Saturday, April 26, 2014
The Price of Healthy Food
I stopped at the convenience store a couple of nights ago. I needed gas for the car and there’s a convenience store right on the site. I needed milk and the price for 4 l of milk (if you are Canadian, you know the bag of 3 smaller bags of milk) is cheaper than what I find in the grocery store.
As I was waiting to pay, there was a bunch of displays for what is often called ‘impulse buys’: chocolate bars, candies, chewing gum, as well as a very large freezer full of frozen treats: ice cream bars; frozen juice bars; etc. The luxury ice cream bar (premium ice cream covered in thick milk chocolate) costs the same price as my 4 liters of milk. What? I could drink milk for more than a week for the same price as one ice cream bar that would be gone in minutes?! This is crazy!
This is just one of many examples where healthy food, if bought carefully, is cheaper than unhealthy food. Compare the cost of a bag of apples (about $4) with two large bags of chips (about $4); the apples are much healthier and will last longer than the bags of chips (if both are eaten every day). Another easy one is a dozen eggs (just over $2) compared with toaster pastries (about the same or slightly less): the eggs pack more protein and vitamins than the sugar-iced carb-loaded pastries; the eggs will last longer than the pastries if both are eaten for breakfast at the same frequency.

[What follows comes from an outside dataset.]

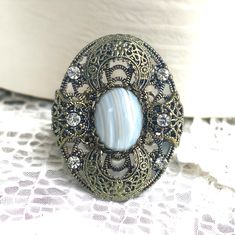 Beautiful vintage brass filigree statement dinner ring with elegant rhinestones and a gorgeous bezel set round, light blue and beige Agate cabochon stone in the center.  The ring is large measuring 1 3/4 inches long X 1 3/8 inches wide and fitting a ladies finger size  7 1/4 US.   This ring is in great condition showing some minimal patina from the normal aging process, such as some darkening of the brass. Please be sure to look closely at all pictures as I do try to capture the items condition Luxury Ornate Cabochon Ring, Dinner Ring, Brass Filigree, Lady Fingers, Costume Rings, Round Light, Agate Cabochon, Aging Process, Agate Stone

So what’s the catch? Well, apples can often seem less fun than potato chips; it’s easier to put two pastries in the toaster than to cook eggs. An ice cream bar is WAY more appealing than 4 l of milk on many days!
So, is there a moral here? Yes, of course! When going food shopping, buy all the healthy food you need for the week first; if there is any money left, then buy a treat, not the other way around!